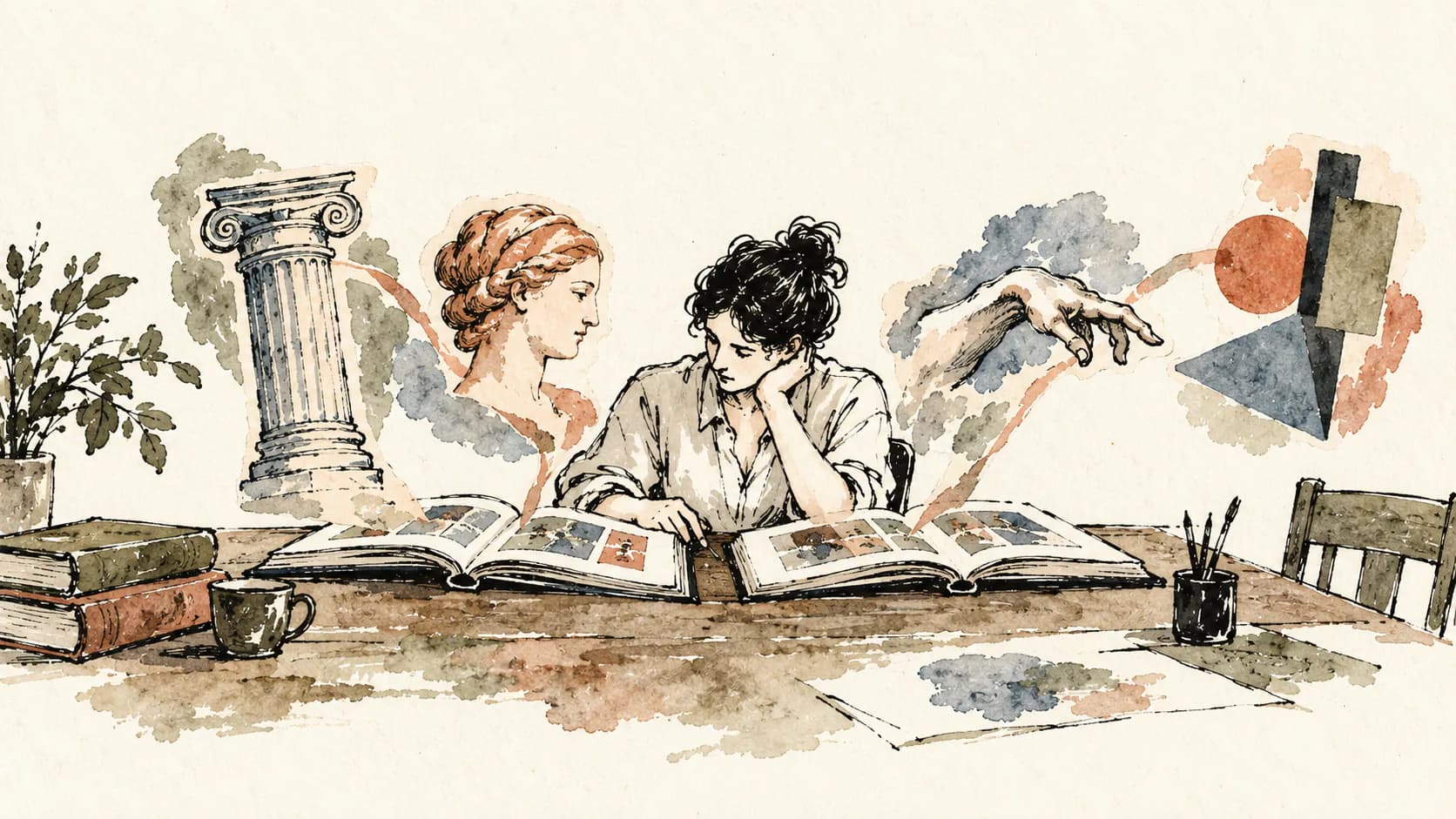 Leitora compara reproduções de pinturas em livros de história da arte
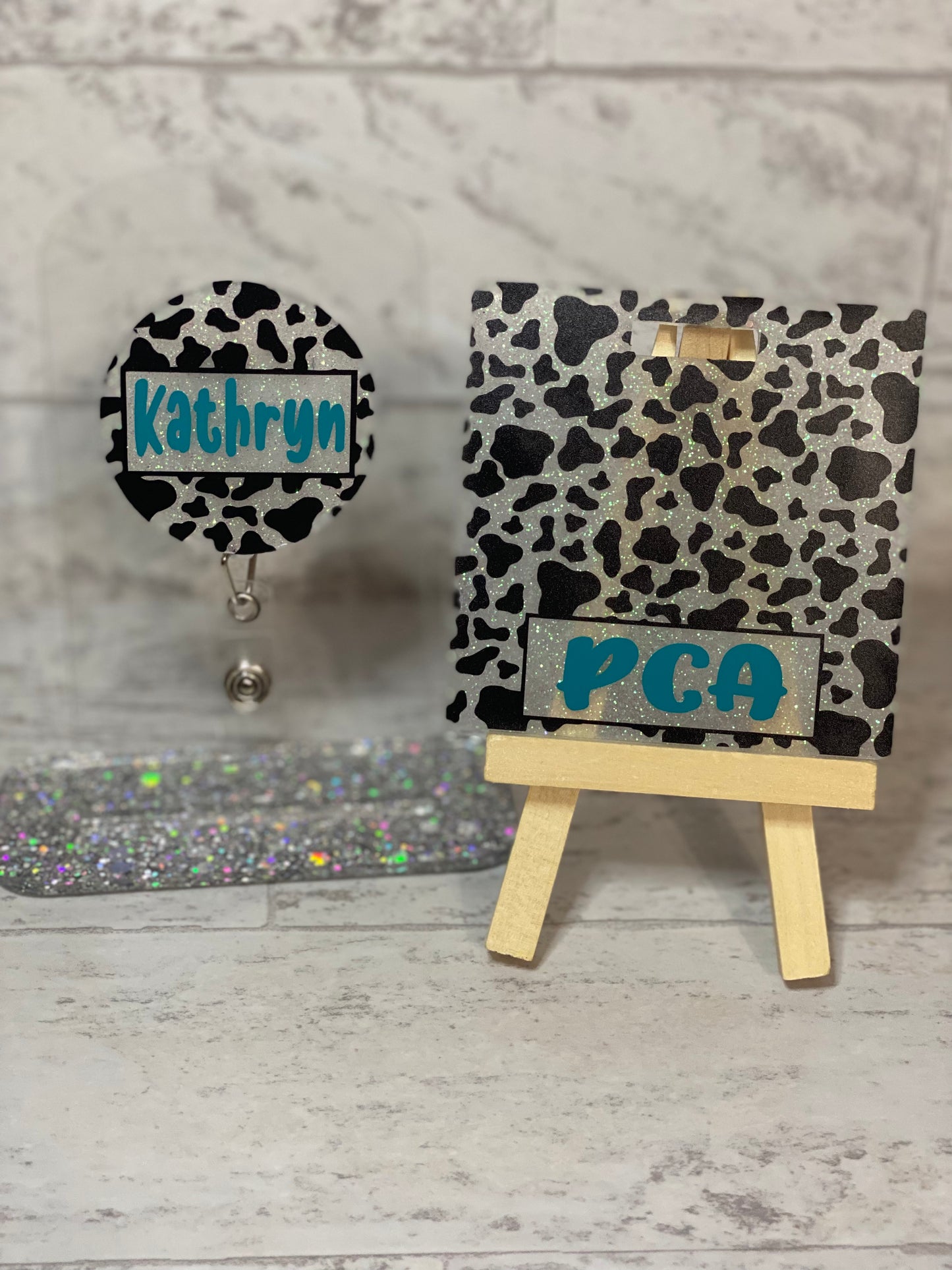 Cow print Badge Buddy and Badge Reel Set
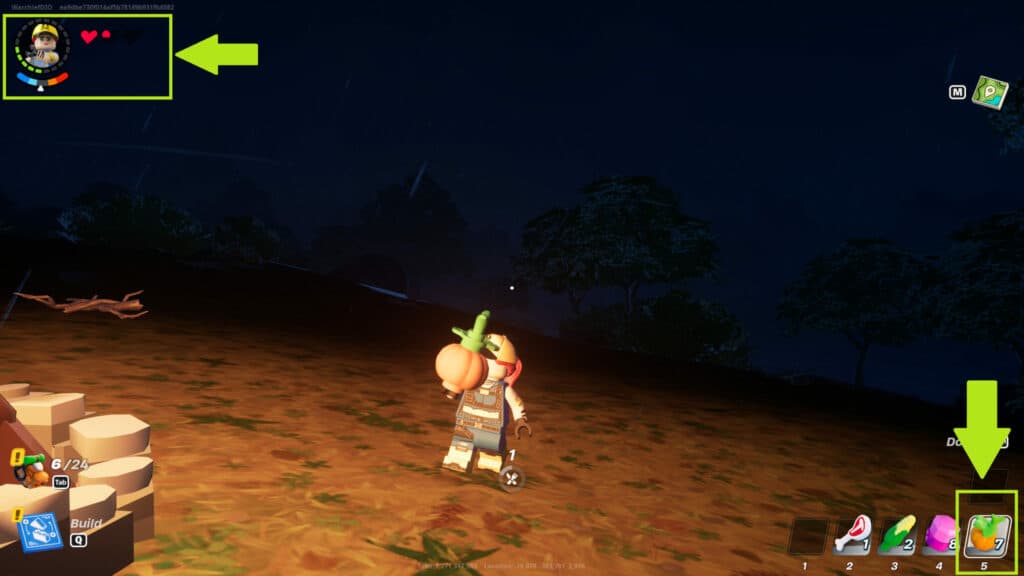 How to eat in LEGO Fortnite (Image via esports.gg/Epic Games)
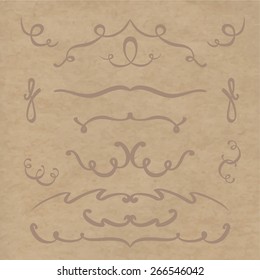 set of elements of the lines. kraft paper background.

○ ○ ○ ○ ○

Prompt
Set down the data exactly as it appears, without any images.

Written solution
 Leitora compara reproduções de pinturas em livros de história da arte
 Cow print Badge Buddy and Badge Reel Set
 How to eat in LEGO Fortnite (Image via esports.gg/Epic Games)
 set of elements of the lines. kraft paper background.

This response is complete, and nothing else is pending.